From January 2027: That window shrinks to 6 months. Any dismissal after that point must be for a fair reason, following a fair process, or you face an uncapped tribunal claim.

What becomes riskier:

  • Dismissing underperformers without proper performance management procedures
  • Letting people go during probation periods longer than 6 months
  • Informal “it’s not working out” conversations that lead to dismissal
  • Restructuring decisions that aren’t properly documented

Critical actions:

  1. Review probation periods: If yours are 6+ months, consider shortening them or ensuring you make final decisions before the 6-month mark
  2. Tighten first 6 months management:
    • Set clear expectations from day one
    • Document performance issues early
    • Address problems quickly—don’t wait
    • If someone isn’t working out, act before month 6
  3. Strengthen dismissal processes:
    • Even for employees under 2 years, start using proper procedures now
    • Ensure all dismissals have clear, documented reasons
    • Follow a fair process every time (warnings, meetings, right to appeal)
  4. Manager training: Your managers need to understand this change and how to handle performance issues properly from day one of employment

Combined with fire and rehire restrictions: You can’t just dismiss someone and replace them with a contractor to avoid unfair dismissal risk. The two changes work together to significantly strengthen employee protections.

Your Priority Action Plan

Do Now (Q1 2025)

  1. Compliance audit: NMW, holiday pay, SSP readiness
  2. Update policies: Family leave, sexual harassment (including third-party), whistleblowing
  3. Manager training: Flexible working, family leave, sexual harassment prevention
  4. Budget planning: Factor in NIC increases, potential SSP costs, higher pay rates

Do by February 2026

  1. Review industrial relations procedures if you recognise unions
  2. Prepare union response framework if you don’t

Do by April 2026

  1. SSP system overhaul: Payroll configuration, manager training, cost modelling
  2. Fair Work Agency prep: Audit all areas the FWA will enforce
  3. Update recognition agreements if you have union relationships
  4. Review redundancy processes for new protective award levels

Do by October 2026

  1. Sexual harassment prevention programme: Training, reporting, third-party protocols
  2. Union access policy: How you’ll respond to access requests
  3. Union rights communications: Update onboarding and create annual reminder
  4. Fire and rehire audit: Review any plans to replace employees with contractors or agency workers

Do by January 2027

  1. Probation period review: Assess if current probation lengths are still appropriate
  2. Performance management overhaul: Ensure robust processes are in place from day one of employment
  3. Manager training update: Brief all managers on reduced qualifying period and fair dismissal requirements
  4. Dismissal process documentation: Update procedures to ensure every dismissal is defensible

Summary

The next 18 months will reshape how you manage people.

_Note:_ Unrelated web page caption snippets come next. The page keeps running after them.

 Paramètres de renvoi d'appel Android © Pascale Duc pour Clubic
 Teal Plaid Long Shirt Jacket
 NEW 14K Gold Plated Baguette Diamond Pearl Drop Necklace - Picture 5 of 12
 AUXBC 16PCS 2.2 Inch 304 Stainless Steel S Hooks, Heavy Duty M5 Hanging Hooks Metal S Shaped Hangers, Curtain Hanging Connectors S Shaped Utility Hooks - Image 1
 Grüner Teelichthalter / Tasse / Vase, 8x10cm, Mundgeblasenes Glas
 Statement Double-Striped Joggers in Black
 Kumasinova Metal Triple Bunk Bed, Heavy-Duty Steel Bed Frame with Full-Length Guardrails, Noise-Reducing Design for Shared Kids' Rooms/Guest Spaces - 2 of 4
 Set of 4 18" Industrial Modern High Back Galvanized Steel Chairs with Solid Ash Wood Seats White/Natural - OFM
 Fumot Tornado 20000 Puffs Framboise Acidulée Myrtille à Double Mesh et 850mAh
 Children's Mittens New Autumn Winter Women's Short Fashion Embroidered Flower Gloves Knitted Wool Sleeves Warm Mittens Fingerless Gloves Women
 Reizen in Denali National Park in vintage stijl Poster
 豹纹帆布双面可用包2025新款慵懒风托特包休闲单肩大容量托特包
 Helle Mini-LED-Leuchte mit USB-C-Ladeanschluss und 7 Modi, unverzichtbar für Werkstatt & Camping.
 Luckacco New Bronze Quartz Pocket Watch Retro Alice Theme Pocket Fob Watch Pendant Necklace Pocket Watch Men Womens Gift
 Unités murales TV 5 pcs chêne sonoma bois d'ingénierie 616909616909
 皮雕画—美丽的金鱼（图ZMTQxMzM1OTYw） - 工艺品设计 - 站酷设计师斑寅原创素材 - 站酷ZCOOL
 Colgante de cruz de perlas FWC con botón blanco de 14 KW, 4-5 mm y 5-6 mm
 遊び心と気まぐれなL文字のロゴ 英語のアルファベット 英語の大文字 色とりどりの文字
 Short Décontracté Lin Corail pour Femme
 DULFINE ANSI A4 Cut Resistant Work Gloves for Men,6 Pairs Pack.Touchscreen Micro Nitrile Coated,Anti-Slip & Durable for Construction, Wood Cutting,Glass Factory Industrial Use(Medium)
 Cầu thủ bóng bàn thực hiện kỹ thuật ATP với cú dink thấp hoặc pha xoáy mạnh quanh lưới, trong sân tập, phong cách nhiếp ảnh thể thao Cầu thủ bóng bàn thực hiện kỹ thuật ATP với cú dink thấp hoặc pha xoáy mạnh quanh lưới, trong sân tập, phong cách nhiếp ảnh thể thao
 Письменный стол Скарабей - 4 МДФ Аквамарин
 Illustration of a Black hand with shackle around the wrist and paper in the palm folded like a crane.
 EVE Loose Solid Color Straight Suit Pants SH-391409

The enforcement environment is becoming significantly tougher, unions are being empowered, and employee protections are expanding.

The good news: You have time to prepare. The businesses that will struggle are those that wait until changes take effect before acting.

The key: Don’t try to do everything at once. Use the timeline above to prioritise what matters most for your business, and build compliance into your normal operations rather than treating it as a one-off project.